Change-Data-Capture Pipeline (Postgres WAL → Kafka)¶

Tail the Postgres write-ahead log and turn every committed row change into an ordered Kafka event — through a ≥100M-row initial snapshot and a 20–50k changes/s write storm. Then prove it: no loss, no out-of-order per key, and a replication slot that never silently eats your disk. Finally, build the same thing with a transactional Outbox and explain which one you'd ship.

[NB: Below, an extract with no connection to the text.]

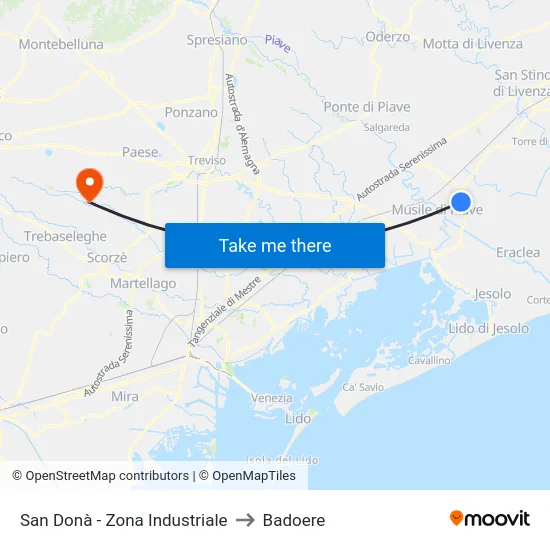 San Donà - Zona Industriale to Badoere map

Tier	Lab (event-engineering)
Primary domain	CDC / data integration
Skills exercised	Postgres logical replication (WAL, `pgoutput`/`wal2json`), replication slots & WAL retention, Debezium / Kafka Connect, snapshot↔stream cutover, per-key ordering, idempotent downstream, transactional Outbox, Go (`twmb/franz-go` consumer), Prometheus
Interview sections	5 (Postgres & SQL), 11 (messaging), 13 (distributed systems)
Est. effort	4–6 focused days

1. Context¶

You run the platform team at a company whose system of record is a single large Postgres database. Three new consumers want the data as it changes: a search indexer, an analytics warehouse loader, and a cache invalidator. Today they all poll WHERE updated_at > ? on a hot table — and that polling is both slow and lossy (it misses deletes, it double-reads under clock skew, and it hammers the primary).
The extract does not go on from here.